A campaign led by locals unhappy with the treatment of sled dogs at Snowmass Village’s Krabloonik restaurant and kennel has sparked a state review of regulations governing tethering of the animals.

Working animals, including dogs that pull sleds, are overseen by the Colorado Department of Agriculture’s Pet Animal Care Facilities Act (PACFA). Though permanently chaining animals is illegal, PACFA allows sled dog operations to obtain a waiver to keep their animals tethered.

Krabloonik, the largest dog-sledding operation in the lower 48 states, has such a waiver and keeps its 250-plus dogs on 5- to 6-foot chains when they are not pulling sleds. They remain tied up for the duration of their eight-month off-season.

Through a series of public meetings in Denver, PACFA’s rules committee has re-drafted the tether rule to mandate that any waiver-holding kennel submit an annual “plan for training and conditioning” the animals.

However, the Snowmass anti-tethering activists, Voices of Krabloonik, had been pushing for a mandate that dogs be taken off of their chains for at least 60 minutes everyday. That stipulation has been removed from the draft language.

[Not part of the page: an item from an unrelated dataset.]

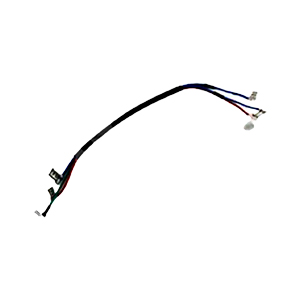 Makita 170-147-010 Cable Harness, Dolmar PS-3410TH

In a news release sent prior to a PACFA meeting held Tuesday, Voices member Leigh Vogel wrote that the state organization “has turned its back on the dogs waiting for change” and said the new draft rule is essentially toothless.

Voices of Krabloonik modeled its campaign from one in Nevada that successfully lobbied the state Legislature there to require that working dogs cannot be chained for more than 14 hours a day.

PACFA must submit any rule changes to the Secretary of State’s office by June 16. A final public meeting will be held on the topic, which will most likely be in early August, according to PACFA administrator Kate Anderson.

Anderson said less than two dozen of the 1,800 licensed breeders in Colorado apply for the waiver to tether their dogs, but the relatively small number of such facilities has produced an outsized public debate.

“There is a lot more interest in that issue than others,” Anderson said. “In the grand scheme of PACFA this is small. But it is important to everyone and we are interested in hearing from both sides.”

Along with testimony from the anti-tethering contingent, Tuesday’s meeting included presentations from breeders, the Humane Society of the United States, a representative from the Federation of Dog Clubs, mushers and sledding operators — including Krabloonik general manager Guy Courtney.

In a prepared statement, Courtney urged state regulators to perform both a scientific study of how tethering affects dogs and an economic study of how stricter tethering rules might hurt the sledding business, “to make certain that a change to the current tethering portion of the rule is not made without detailed examination.”

He provided them with a 2001 study by Cornell University researchers that found “no evidence that tethering was any more or less detrimental to dog welfare than being housed in pens.”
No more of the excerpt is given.